[[ DATASET EXTRACT open ]]
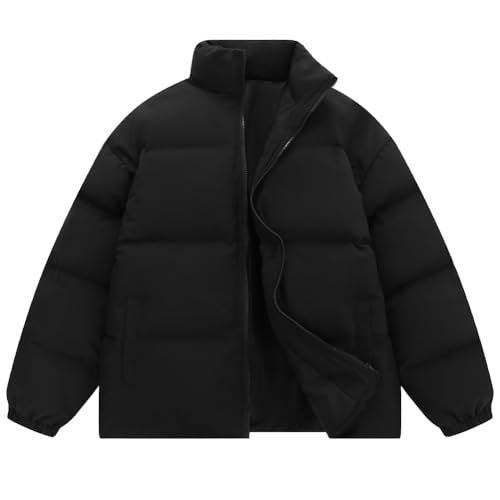 Amyni ダウンジャケット メンズ コート 冬服 中綿ジャケット 無地 厚手 防寒 防風 暖か 大きいサイズ ダウンコート 通勤 通学 登山 アウトドア 男女兼用 アウターpo 08 cfdf 38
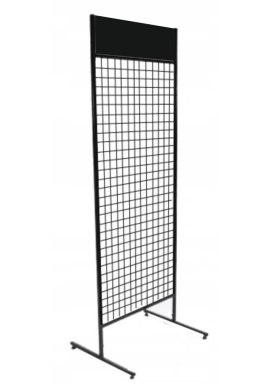 Stojak Ekspozytor sklepowy krata + haki 1900x650 mm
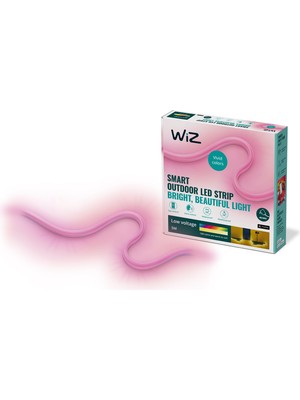 Aesco Wiz LED Dış Mekan Işık Şeridi (Wiz Renkli) - Akıllı LED Aydınlatma (Wifi ve Bluetooth), Başlangıç Kiti, Soğuk Beyazdan Sıcak Beyaza Kadar Kısılabilir + 16 Milyon Renk, Ses Kontrolü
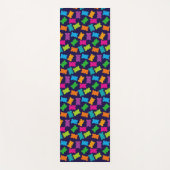 Gummibärmuster Yogamatte (Vorderseite)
[[ DATASET EXTRACT closed ]]
> **EXERCISE AIM**
Would you give the material back exactly, minus the pictures?

> **TASK RESULT**
 Amyni ダウンジャケット メンズ コート 冬服 中綿ジャケット 無地 厚手 防寒 防風 暖か 大きいサイズ ダウンコート 通勤 通学 登山 アウトドア 男女兼用 アウターpo 08 cfdf 38
 Stojak Ekspozytor sklepowy krata + haki 1900x650 mm
 Aesco Wiz LED Dış Mekan Işık Şeridi (Wiz Renkli) - Akıllı LED Aydınlatma (Wifi ve Bluetooth), Başlangıç Kiti, Soğuk Beyazdan Sıcak Beyaza Kadar Kısılabilir + 16 Milyon Renk, Ses Kontrolü
 Gummibärmuster Yogamatte (Vorderseite)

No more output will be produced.